IRT: Checking non-uniform DIF with brms

Dear Paul,

I have checked your publications and code with regard to IRT models. Checking uniform DIF is clear to me and pretty straight forward. I now want to also check for non-uniform DIF. We compare the same questions (binary outcome) for two different countries. As you describe in your paper “Bayesian Item Response Modeling in R with brms and Stan” I now want to use a “maximal multilevel approach” to check for potential non-uniform DIF. Country is thus a person covariate varying over items. I came up with two approaches that yielded so far similar results and wonder which is the better choice (or which one is wrong):
First approach:

formula_4pl_dif <- bf(
  response ~ gamma + (1 - gamma - psi) * 
    inv_logit(beta + exp(logalpha) * theta),
  nl = TRUE,
  theta ~ 0 + (1 | person),
  beta ~ 1 + country + (1 + country |i| item),
  logalpha ~ 1 + country + (1 + country |i| item),
  logitgamma ~ 1 + country + (1 + country |i| item),
  nlf(gamma ~ inv_logit(logitgamma)),
  logitpsi ~ 1 + country + (1 + country |i| item),
  nlf(psi ~ inv_logit(logitpsi)),
  family = brmsfamily("bernoulli", link = "identity")
)

I then test whether the estimates are different from 0

hypothesis(fit_4pl, "beta_countrya < 0", scope = "coef", group = "item", alpha = 0.05)
hypothesis(fit_4pl, "beta_countrya > 0", scope = "coef", group = "item", alpha = 0.05)
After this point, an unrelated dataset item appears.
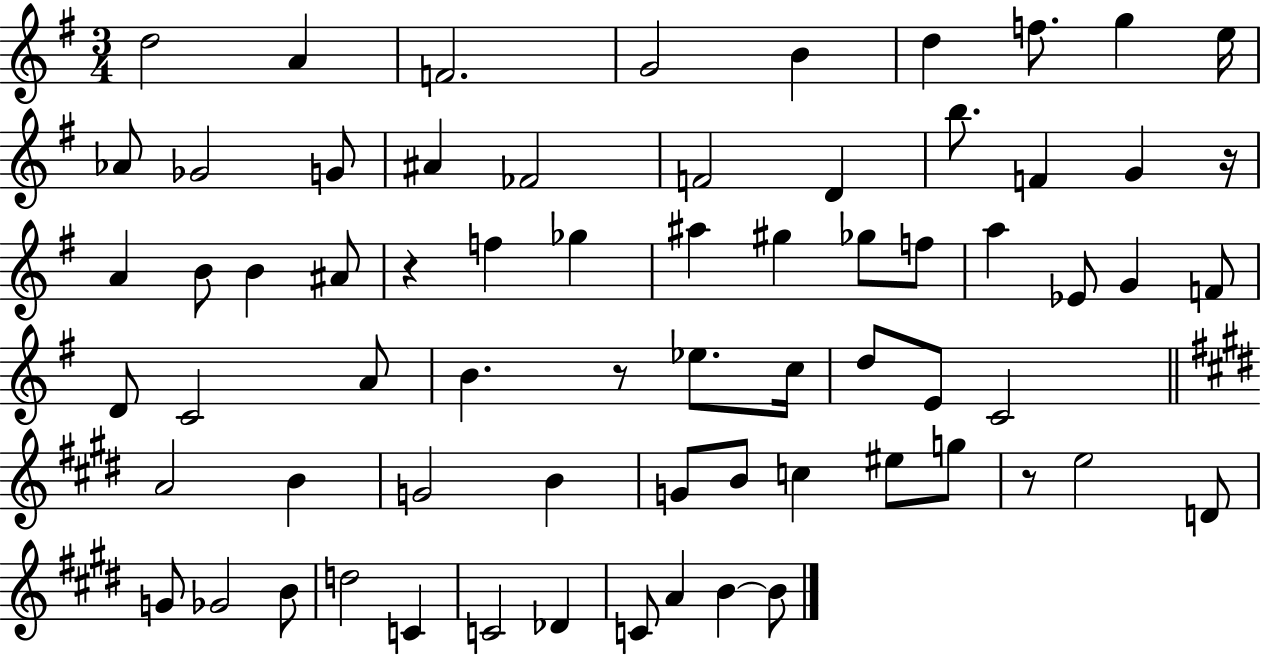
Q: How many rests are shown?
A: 4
For the second approach I followed what you describe in the paper with gender - basically using (0 + country |i| item) which gives each country its own varying effect.
Second approach:

formula_4pl_dif <- bf(
  response ~ gamma + (1 - gamma - psi) * 
    inv_logit(beta + exp(logalpha) * theta),
  nl = TRUE,
  theta ~ 0 + (1 | person),
  beta ~ 1 + country + (0 + country |i| item),
  logalpha ~ 1 + country + (0 + country |i| item),
  logitgamma ~ 1 + country + (0 + country |i| item),
  nlf(gamma ~ inv_logit(logitgamma)),
  logitpsi ~ 1 + country + (0 + country |i| item),
  nlf(psi ~ inv_logit(logitpsi)),
  family = brmsfamily("bernoulli", link = "identity")
)

Then I would check for differences:

hypothesis(fit_4pl, "beta_countrya = beta_countryb", scope = "coef", group = "item", alpha = 0.05)

What would you recommend?
Thanks for your help!

  • Operating System: Windows
  • brms Version: 2.12.0

The two approaches should provide the same results if, in the first case, you don’t use two hypothesis with > and < but only one with = .

1 Like

I’ve been looking for some documentation on DIF with this parameterization (i.e., where theta and item difficulty are estimated “separately” versus combined – eta ~ 1 + (1 | item) + (1 | person)), so I’m glad to have found this old post.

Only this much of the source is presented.